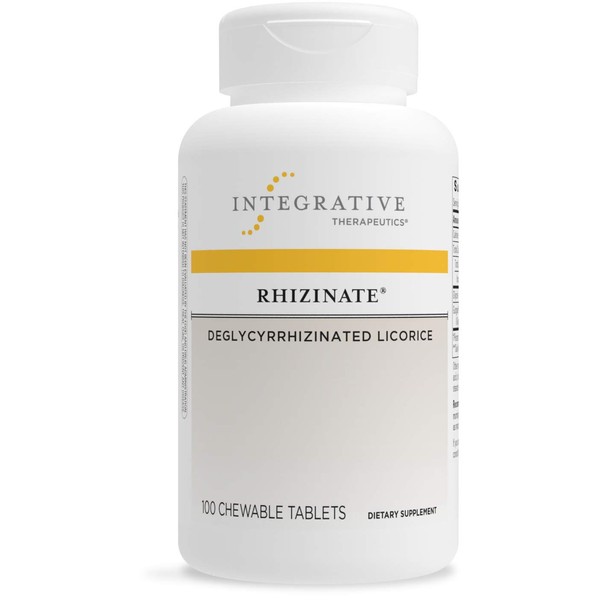 Integrative Therapeutics Rhizinate - Deglycyrrhizinated Licorice (DGL) - for Stomach, Intestinal & Digestive Support with Licorice Root - Gluten Free - Dairy Free - Vegan - 100 Chewable Tablets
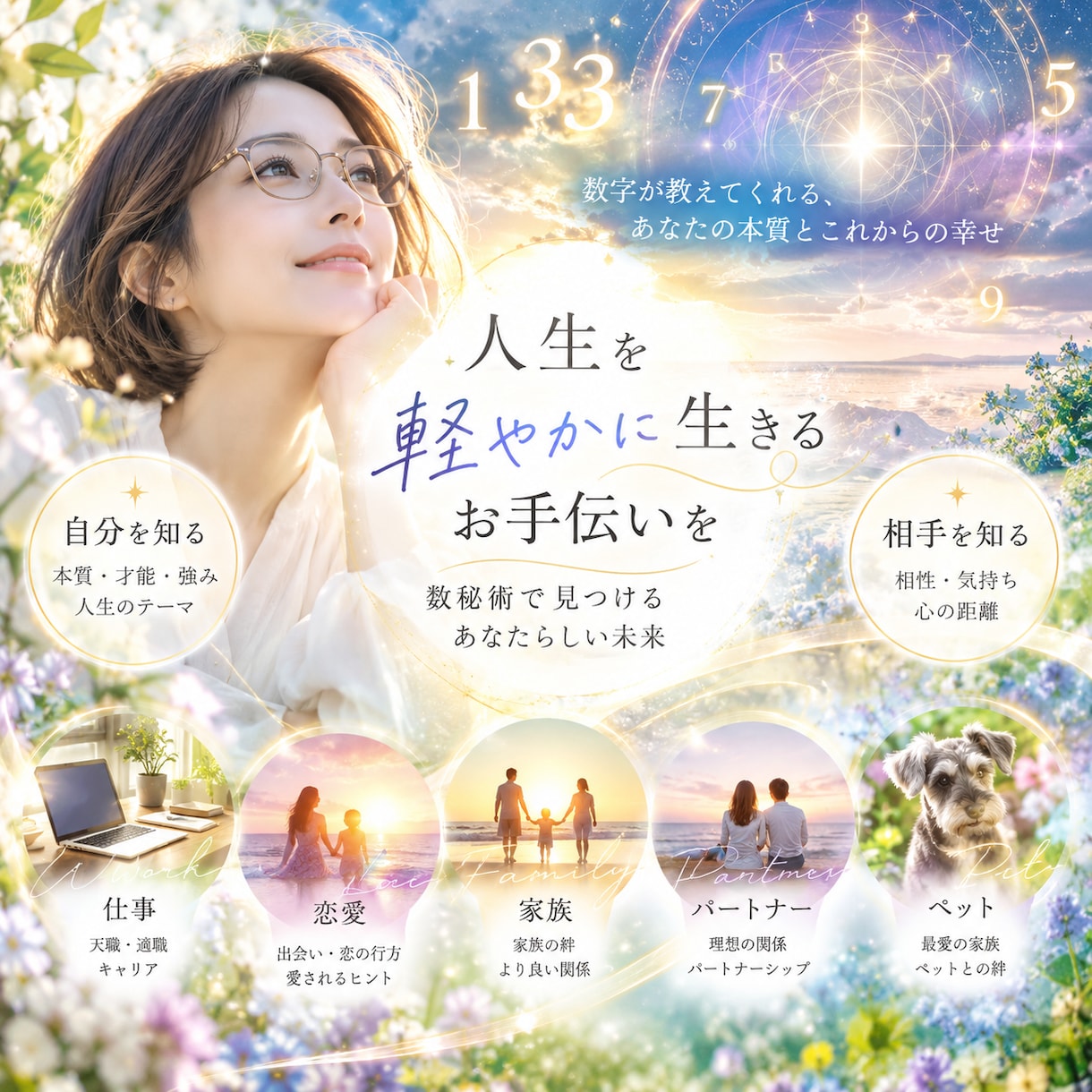 数秘術占い鑑定でご自身の特性や自己分析出来ます 数秘術で軽やかに人生を送るお手伝いをします イメージ1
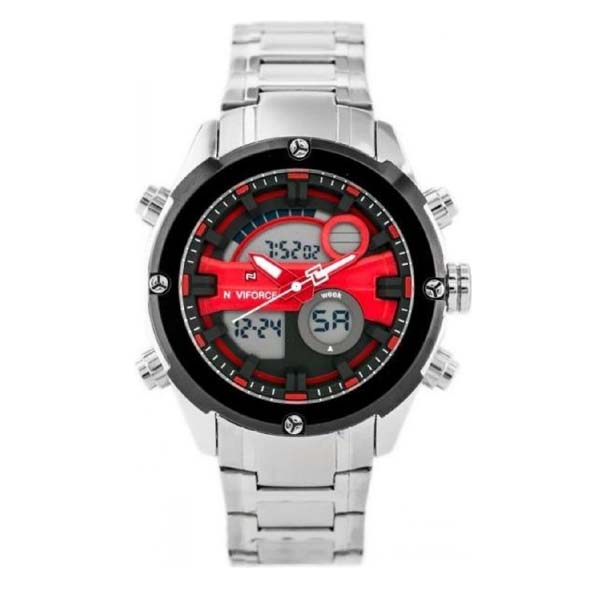 NAVIFORCE NF9088 Stainless Steel Dual Time Wrist Watch For Men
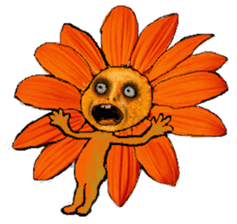 The flower duende with a human face sticker #1261022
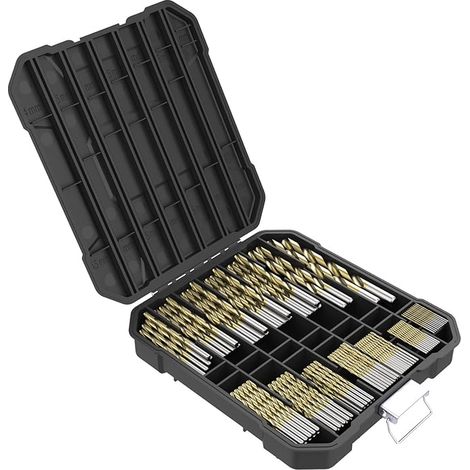 Forets hélicoïdaux revêtus de titane - Coffret de 99 pièces et boîte de rangement (pour bois, accessoires pour outils de perçage et de vissage) (1/5)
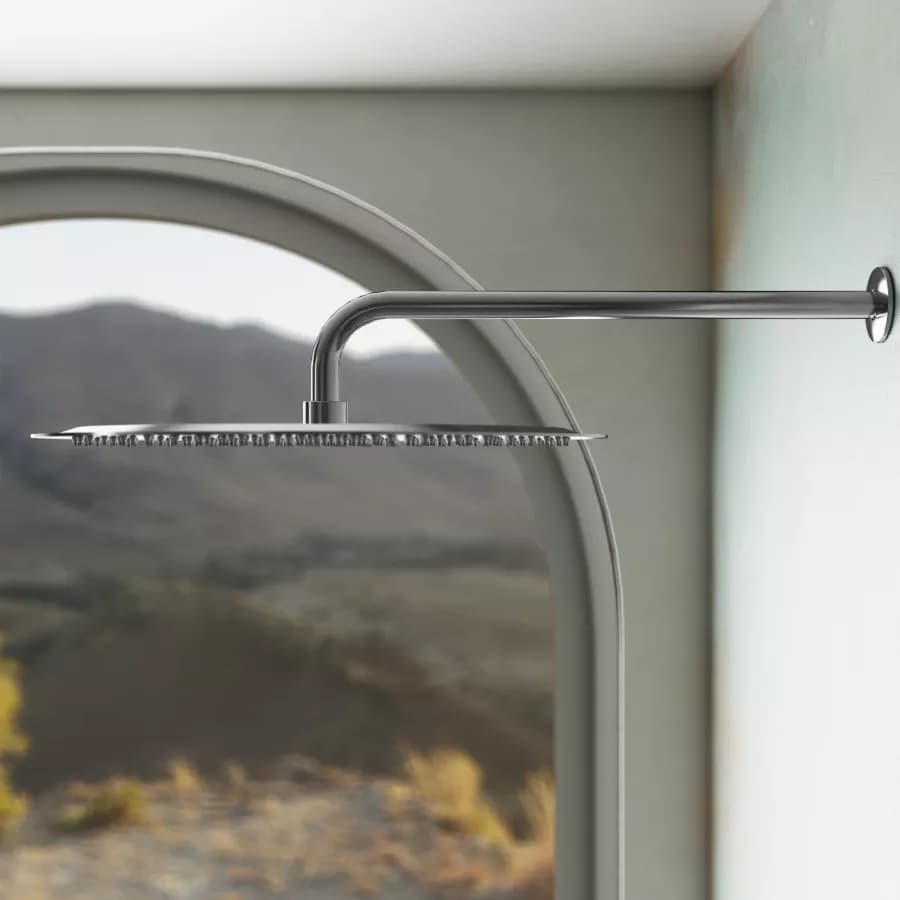 Set incasso doccia con braccio 40 cm e soffione 40 cm cromo – Key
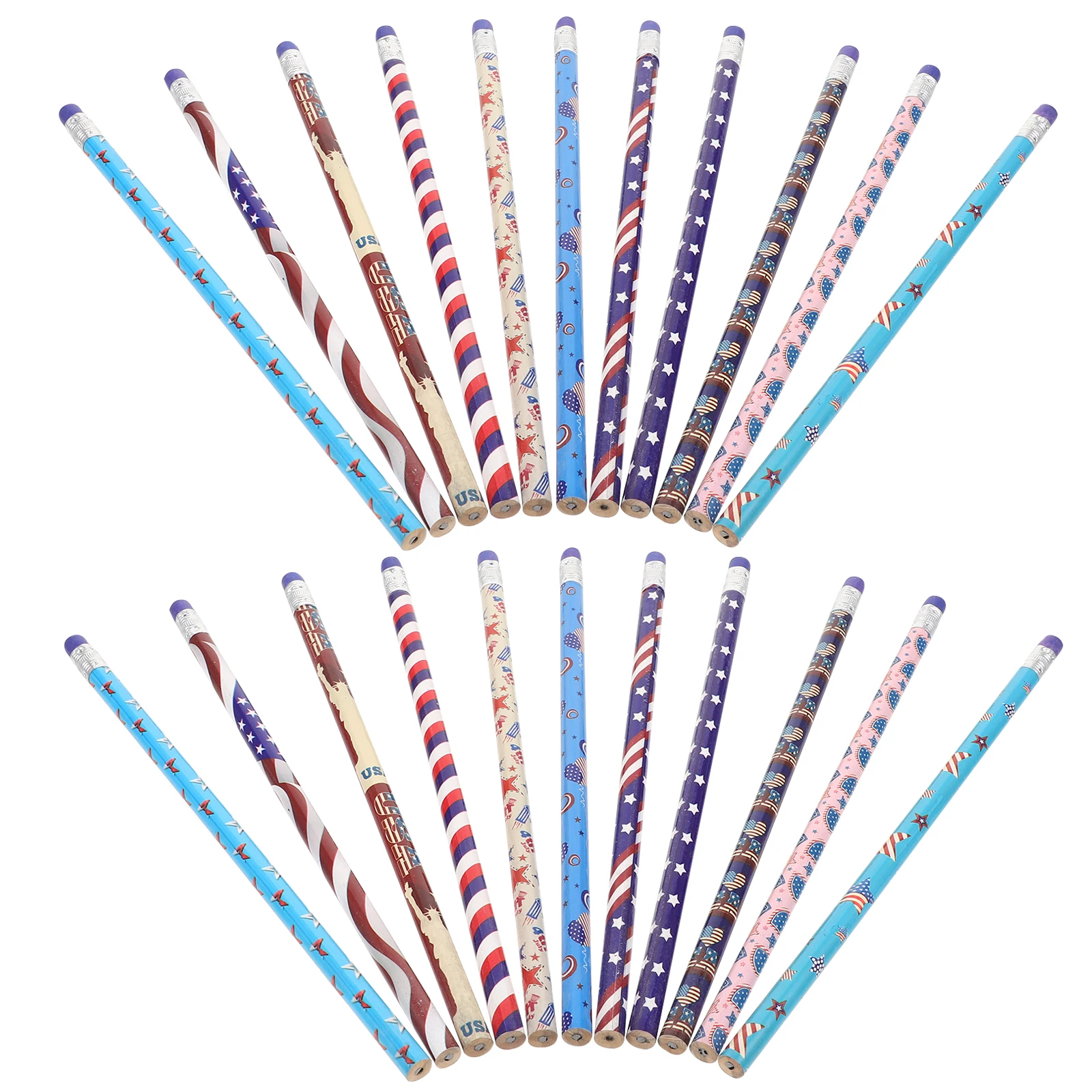 48pcs Holiday USA Flag Wooden Bulk Drawing Pencil For Painting Colored Pencils Sturdy MultiUse School Office Church Home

Work request => Output exactly the lines from the one that has "The flower duende" through the end of the data. Do not include pictures.

Output for this exercise =>
 The flower duende with a human face sticker #1261022
 Forets hélicoïdaux revêtus de titane - Coffret de 99 pièces et boîte de rangement (pour bois, accessoires pour outils de perçage et de vissage) (1/5)
 Set incasso doccia con braccio 40 cm e soffione 40 cm cromo – Key
 48pcs Holiday USA Flag Wooden Bulk Drawing Pencil For Painting Colored Pencils Sturdy MultiUse School Office Church Home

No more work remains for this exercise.